Martell Menlove, the state's current No. 2 man in education, will become Utah's next state schools superintendent.
"I am humbled by the opportunity," an emotional Menlove said upon learning he nabbed the job, "and yet [I] know that I have prepared myself well for a number of years to step into this position, and though there is some anxiety, I'm anxious to work and start moving forward."
The state school board voted unanimously to hire Menlove for the job after publicly interviewing him and two other finalists on Monday, and then deliberating in closed session for about 90 minutes.
Menlove, 60, has worked as state deputy superintendent for the last three years under Superintendent Larry Shumway, who is retiring after this year. Before that, Menlove served as superintendent in the Box Elder and Rich districts. He has also worked as a principal, school counselor and teacher in Utah since 1976.
Board chair Debra Roberts said the board picked Menlove for a number of reasons, including his ability to bring people together.

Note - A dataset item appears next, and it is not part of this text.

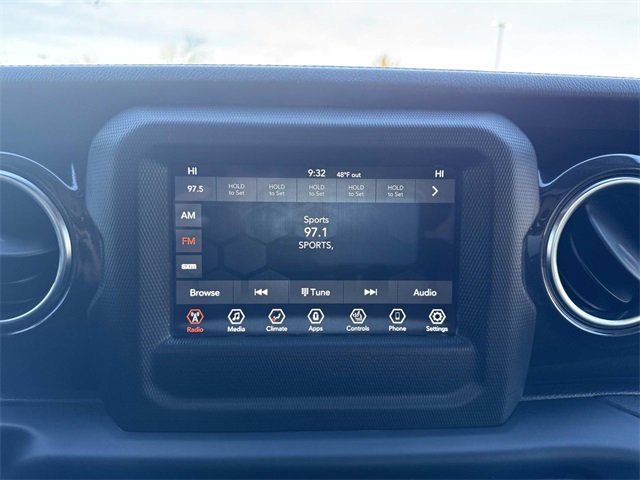 Used 2021 Jeep Wrangler Unlimited Sahara image 18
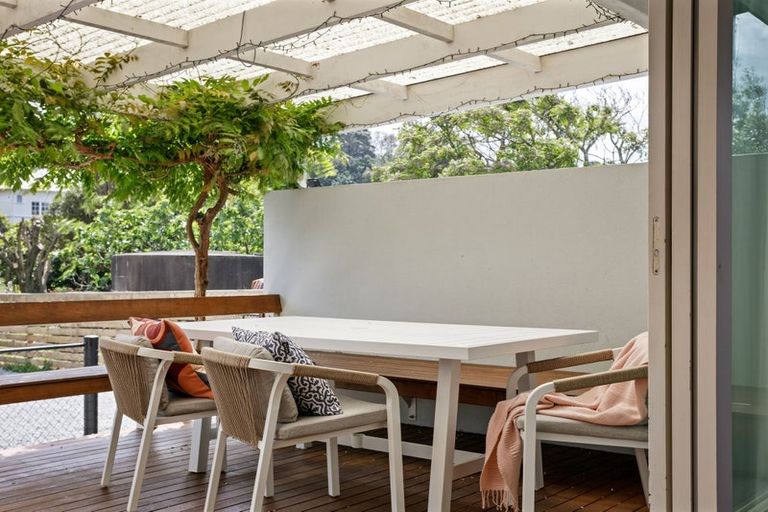 Photo of property in 28a Moana Road, Okitu, Gisborne, 4010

"I think that every board member was really impressed with the depth of educational background and strength of all the candidates, but in the end the depth of â¦ integrity, character, leadership experience, all those things played in very heavily to the board's decision, and we feel like this really is the person to move us forward to do the good things," Roberts said.
Sen. Howard Stephenson, who co-chairs the legislature's public education budget committee, agreed Monday evening that the board made a good decision. He and several other lawmakers had criticized the board for not spending more time searching for candidates, but he said Monday that "now is not the time to express concerns, now it's time for us to join together in working for better education." He said it seems to him that the board took the job of choosing a new leader "very seriously."
The board chose Menlove after peppering him and the other candidates with a set of eight questions about how they would tackle the job.
Menlove was asked how he sees the role of superintendent in helping to guide and oversee 41 school districts, about 1,000 schools and the nearly 600,000 students they serve.
"More than anything, I see my role as being an advocate for children in this state and advocating for public education in this state and moving forward with everything I can do to assure a quality education for every student in the state of Utah," Menlove said.
He'll have a lot on his plate. As superintendent, Menlove will likely continue to help the state implement new Common Core academic standards, a new accountability system taking the place of No Child Left Behind and new tests to go with the standards. He'll also spend much time working with lawmakers as they craft the state's more-than-$3 billion education budget and create new programs.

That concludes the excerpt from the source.